UK Pension Scammers Ordered to Repay £13.7 Million

Friendly Pensions conned 245 victims over a two-year period.

Reported by Michael Katz

The UK’s High Court has ordered four people who ran a series of pension scams to pay back £13.7 million they conned from their victims.

According to The Pensions Regulator (TPR), the four used cold-calling and similar techniques to persuade 245 people to transfer their pension savings to 11 scam pensions operated by the ironically named Friendly Pensions Limited (FPL).

“The defendants siphoned off millions of pounds from the schemes on what they falsely claimed were fees and commissions,” said Nicola Parish, TPR’s executive director of frontline regulation. “They all took part in stripping the schemes almost bare.
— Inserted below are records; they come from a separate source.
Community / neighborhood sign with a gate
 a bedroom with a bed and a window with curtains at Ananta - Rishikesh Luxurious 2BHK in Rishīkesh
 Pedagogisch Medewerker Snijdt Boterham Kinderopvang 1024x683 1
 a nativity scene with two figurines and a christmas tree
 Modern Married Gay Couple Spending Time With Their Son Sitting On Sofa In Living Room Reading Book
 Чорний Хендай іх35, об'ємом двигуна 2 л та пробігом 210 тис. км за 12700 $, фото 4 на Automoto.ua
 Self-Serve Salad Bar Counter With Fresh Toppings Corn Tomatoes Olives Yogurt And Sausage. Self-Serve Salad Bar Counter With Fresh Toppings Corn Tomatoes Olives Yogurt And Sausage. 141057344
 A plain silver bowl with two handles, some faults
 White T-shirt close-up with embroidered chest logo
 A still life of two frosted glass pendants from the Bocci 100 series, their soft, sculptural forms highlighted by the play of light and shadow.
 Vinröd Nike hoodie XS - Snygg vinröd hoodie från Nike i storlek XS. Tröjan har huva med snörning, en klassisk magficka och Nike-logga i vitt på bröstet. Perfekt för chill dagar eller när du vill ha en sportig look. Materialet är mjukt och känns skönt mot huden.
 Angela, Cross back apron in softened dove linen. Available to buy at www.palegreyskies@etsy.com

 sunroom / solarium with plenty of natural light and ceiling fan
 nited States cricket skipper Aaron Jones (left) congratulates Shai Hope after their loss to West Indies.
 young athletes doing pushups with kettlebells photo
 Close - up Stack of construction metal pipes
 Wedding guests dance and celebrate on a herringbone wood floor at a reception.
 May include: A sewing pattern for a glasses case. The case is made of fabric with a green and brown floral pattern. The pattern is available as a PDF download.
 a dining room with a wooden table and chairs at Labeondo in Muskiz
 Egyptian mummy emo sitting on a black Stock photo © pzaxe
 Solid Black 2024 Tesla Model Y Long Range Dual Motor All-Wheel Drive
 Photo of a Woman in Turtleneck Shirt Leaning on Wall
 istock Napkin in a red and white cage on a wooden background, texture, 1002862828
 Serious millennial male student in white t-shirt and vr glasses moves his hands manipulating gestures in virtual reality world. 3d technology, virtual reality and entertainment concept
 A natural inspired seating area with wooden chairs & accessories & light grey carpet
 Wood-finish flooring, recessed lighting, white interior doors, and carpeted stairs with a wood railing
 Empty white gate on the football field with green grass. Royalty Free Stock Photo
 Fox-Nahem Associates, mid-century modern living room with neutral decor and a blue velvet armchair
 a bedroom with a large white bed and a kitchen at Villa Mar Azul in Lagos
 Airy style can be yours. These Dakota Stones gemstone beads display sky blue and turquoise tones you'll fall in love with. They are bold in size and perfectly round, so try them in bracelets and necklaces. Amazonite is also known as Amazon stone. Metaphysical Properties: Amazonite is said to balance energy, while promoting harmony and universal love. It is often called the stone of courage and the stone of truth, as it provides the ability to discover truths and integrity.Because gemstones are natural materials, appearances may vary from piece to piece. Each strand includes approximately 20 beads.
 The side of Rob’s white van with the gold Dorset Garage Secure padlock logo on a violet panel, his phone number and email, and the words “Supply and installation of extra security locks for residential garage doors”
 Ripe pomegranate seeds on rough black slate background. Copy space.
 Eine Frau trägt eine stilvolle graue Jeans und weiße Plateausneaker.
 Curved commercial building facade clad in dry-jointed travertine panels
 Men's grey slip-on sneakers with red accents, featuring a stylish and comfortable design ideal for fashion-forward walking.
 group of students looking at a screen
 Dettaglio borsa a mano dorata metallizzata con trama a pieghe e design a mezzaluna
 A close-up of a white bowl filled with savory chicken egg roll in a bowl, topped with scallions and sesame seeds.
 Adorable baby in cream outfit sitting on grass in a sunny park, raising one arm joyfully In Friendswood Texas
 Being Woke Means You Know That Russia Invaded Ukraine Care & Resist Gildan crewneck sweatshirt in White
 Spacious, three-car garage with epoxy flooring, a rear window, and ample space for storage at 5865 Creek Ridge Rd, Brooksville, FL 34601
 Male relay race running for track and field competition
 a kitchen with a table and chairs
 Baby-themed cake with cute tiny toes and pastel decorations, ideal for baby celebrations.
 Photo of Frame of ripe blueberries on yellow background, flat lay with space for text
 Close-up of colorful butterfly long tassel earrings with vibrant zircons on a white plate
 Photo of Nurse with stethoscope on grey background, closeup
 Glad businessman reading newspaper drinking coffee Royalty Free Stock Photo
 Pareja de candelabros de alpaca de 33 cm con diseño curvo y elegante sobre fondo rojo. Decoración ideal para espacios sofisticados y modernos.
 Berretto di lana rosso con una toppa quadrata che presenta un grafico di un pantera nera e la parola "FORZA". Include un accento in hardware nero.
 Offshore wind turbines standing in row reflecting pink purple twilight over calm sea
This left hardly anything behind from the savings their victims had set aside over decades of work to pay for their retirements.”

Between November 2012 and September 2014, the victims were cold-called or lured by a series of scam websites and persuaded to transfer their pension funds into one of 11 plans. The victims were told their pensions would be reinvested, and that they would be paid an upfront cash lump sum for making the transfer. They were also falsely told that their funds would be put into assets, bonds, and HM Revenue & Customs-compliant investments to meet the target return of 5% a year.

TPR had asked the High Court to order the defendants—David Austin, Susan Dalton, Alan Barratt, and Julian Hanson—to repay the funds they dishonestly misused or misappropriated from the pension plans. It was the first time such an order has been obtained, according to TPR.

Judge Mark Pelling ruled that Austin had been the “mastermind,” but added that all four had acted dishonestly.

Austin installed Barratt, Dalton, and Hanson as the trustees for the scam pension plans. The three were then paid to act on his instructions, allowing the funds to be used however Austin wanted. Barratt and Dalton also acted as salesmen for Austin’s Spain-based business, Select Pension Investments, persuading victims to transfer their pensions to him.

TPR said that between 10% and 25% of the funds transferred were given back to the victims as their “rebate,” although many victims were assured that this payment had come from the investment provider, not from their own pension savings. More than £1 million was paid to so-called “introducers” or “agents,” who used cold-calling to encourage pension members to transfer over their funds.

Dalriada, the independent trustee appointed by TPR to take over the running of the plans, will now be able to move forward with confiscating the four’s assets for the benefit of their victims.

“The High Court’s ruling means that Dalriada can now go after the assets and investments of those involved to try to recover at least some of the money that these corrupt people took,” said Parish. “This case sends a clear message that we will take tough action against pension scammers.”